At first, I enjoyed it, doing it more as a duty than out of any sense or expectation of spiritual benefit. Soon I began to get bogged down, especially in Leviticus and later in the book of Deuteronomy.
Still, I plowed onward, until I came to the book of 1 Samuel, and there I found my first hero within the Bible in the person of David. Here was a person who I could identify with. Here was a hero so noble, so humble, and yet so very human.
What I found most intriguing, and even sad, about David is in the way he was called and anointed by God to be the next King of Israel.
The set-up for David’s anointing is that, after hundreds of years of having only God as their king, the people of Israel demanded to have a King like all the other nations around them. God was grieved. His people were rejecting Him as their King, and God gave them what they asked for.
Be careful what you ask for.
What they wanted was a king “…such as all the other nations have” (1 Samuel 8:5) and so God gives them a man named Saul who was tall and strong and good-looking. He was also, sadly, a king “such as all the other nations” had. He was prideful, shallow and at heart, a man-pleaser, not a God-pleaser.
And so, as Saul defies God in favor of the will of his people, he has the kingdom ripped from his hands and given to another. Samuel says to Saul, “But now your kingdom will not endure; the Lord has sought out a man after his own heart and appointed him leader of his people, because you have not kept the Lord’s command” (1 Samuel 13:14).
So, God tells Samuel, the prophet of God, to go to the house of Jesse and to anoint one of his sons as the next King over Israel. Jesse is told to assemble all of his sons together because the Lord has chosen one of them to be the next King.
When Samuel arrives, each son of Jesse passes before him.
As the oldest son, the first-born of Jesse, passes by, Samuel says in his heart, “Surely the Lord’s anointed stands before the Lord,”because this son was tall, and strong and good-looking. But God warns Samuel by saying, “Do not consider his appearance or his height, for I have rejected him. The Lord does not look at the things man looks at. Man looks at the outward appearance, but the Lord looks at the heart.”
How often do we assume that someone is God’s anointed because they are tall, or strong, or talented, or beautiful? Perhaps we attribute God’s favor and blessing to someone because they’re a good preacher, or a good writer, or they can pray eloquently, play the guitar skillfully? But God does not consider our appearance. He does not look at our talent, or our ability. He doesn’t judge from the outside in, but from the inside out.
One by one, each of Jesse’s sons is paraded before the prophet Samuel. One by one, God rejects them all. Until the final son is brought before Samuel and he assumes that this, at last, must be the chosen one of God. Still, God says, “No.”
Samuel, as you might imagine, is puzzled. “Are these all the sons you have,” he asks? Jesse’s response is telling. He shrugs and says, “There is still the youngest, but he is out tending the sheep.”
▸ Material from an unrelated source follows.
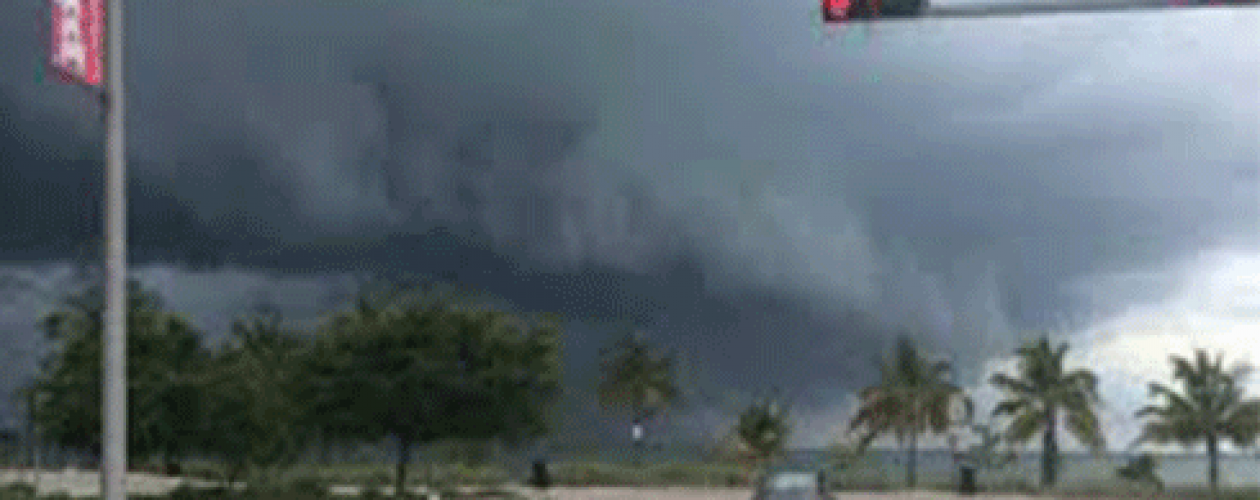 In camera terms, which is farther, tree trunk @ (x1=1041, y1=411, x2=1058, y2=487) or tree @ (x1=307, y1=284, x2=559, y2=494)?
tree trunk @ (x1=1041, y1=411, x2=1058, y2=487)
This is what amazes me about the calling of David. Even his own father didn’t consider David to be the sort of person that God would ever choose to be King over Israel. When he is told to gather every one of his sons into one place so that one of them can be anointed the next King, Jesse gathers all except for David. Only David is singled out, among all of his father’s sons, as the one who is unworthy of the honor to be chosen as King.
Sometimes, in our life, our own Father or Mother may determine that we are not the right sort of person to be of any use to God, or to anyone else. Sometimes our own brothers and sisters may look at us and judge that we just don’t have what it takes to be anything special.
Please, do not miss the point of David’s anointing. God, who is good, looks at the heart alone. It doesn’t matter what our friends think about us. It doesn’t matter if we’re not talented enough, or strong enough, or funny enough. It doesn’t matter if our own flesh and blood leaves us out on the hillside to spend the night with the smelly sheep while the rest of the family gathers for a celebration.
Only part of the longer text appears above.